▶ BRIEF
Copy the records below exactly, but leave out any picture they contain.
──────── SUPPLIED ENTRIES
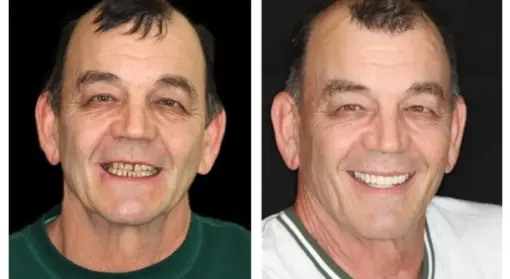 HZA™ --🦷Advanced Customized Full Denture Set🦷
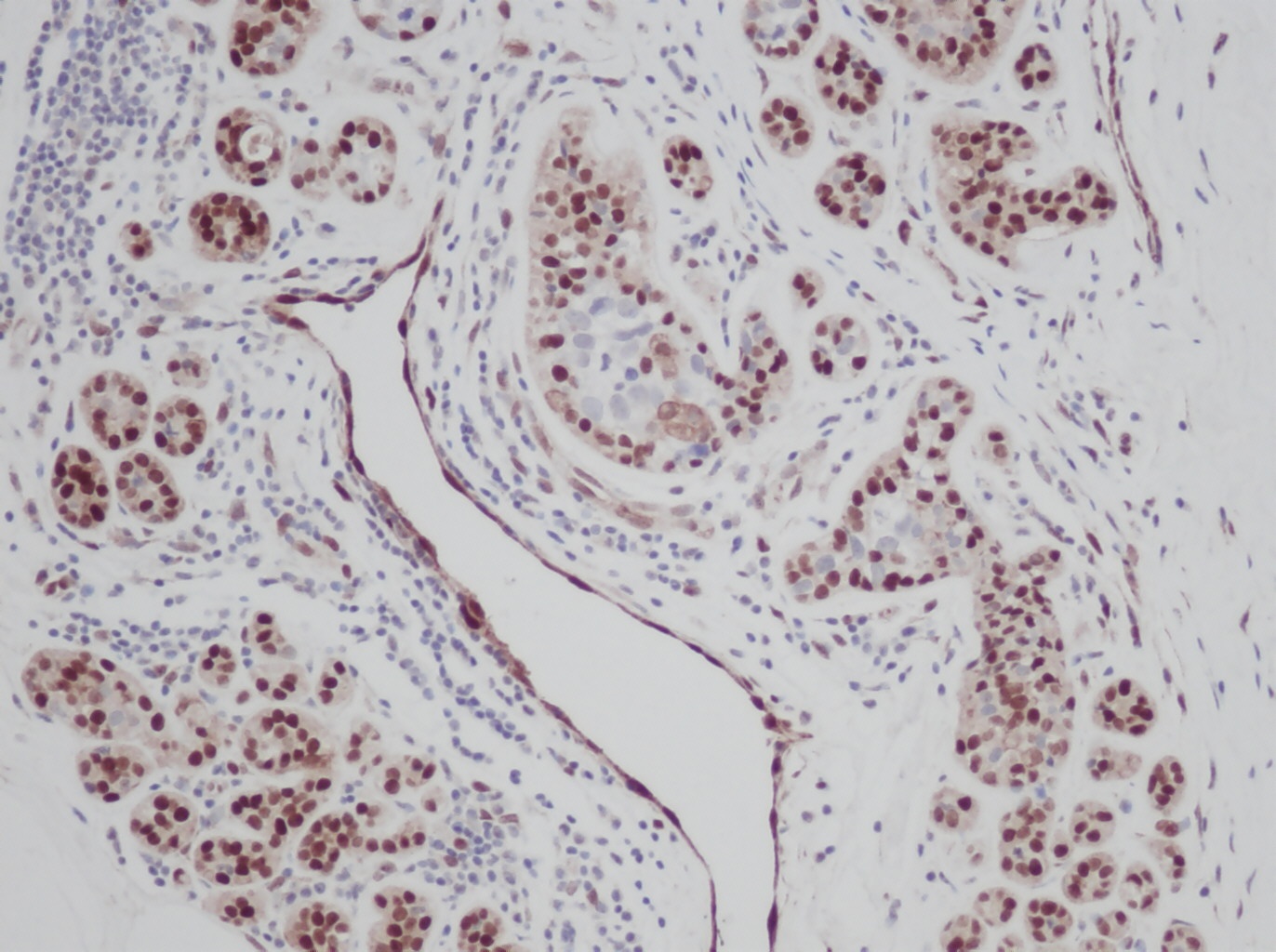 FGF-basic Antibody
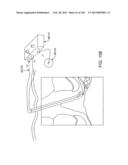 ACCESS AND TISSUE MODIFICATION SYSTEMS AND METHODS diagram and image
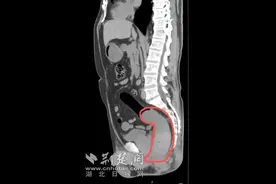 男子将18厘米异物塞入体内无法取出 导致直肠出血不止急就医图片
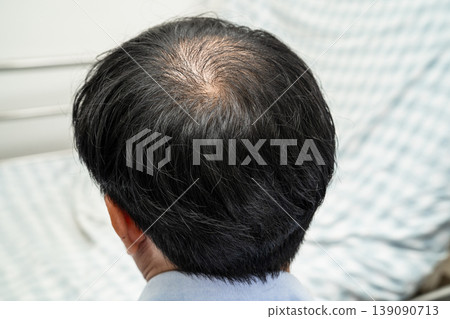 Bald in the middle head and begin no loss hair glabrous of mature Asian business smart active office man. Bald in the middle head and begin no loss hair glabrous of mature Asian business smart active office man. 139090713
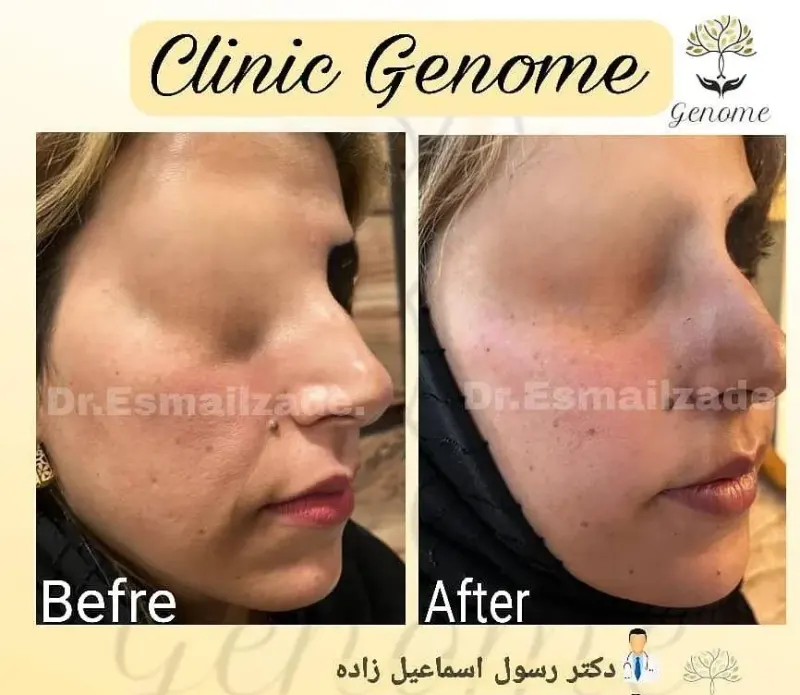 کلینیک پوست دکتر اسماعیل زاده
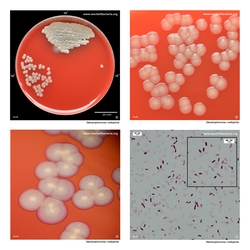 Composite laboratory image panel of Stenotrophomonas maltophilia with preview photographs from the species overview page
────────────────
▶ SOLUTION
 HZA™ --🦷Advanced Customized Full Denture Set🦷
 FGF-basic Antibody
 ACCESS AND TISSUE MODIFICATION SYSTEMS AND METHODS diagram and image
 男子将18厘米异物塞入体内无法取出 导致直肠出血不止急就医图片
 Bald in the middle head and begin no loss hair glabrous of mature Asian business smart active office man. Bald in the middle head and begin no loss hair glabrous of mature Asian business smart active office man. 139090713
 کلینیک پوست دکتر اسماعیل زاده
 Composite laboratory image panel of Stenotrophomonas maltophilia with preview photographs from the species overview page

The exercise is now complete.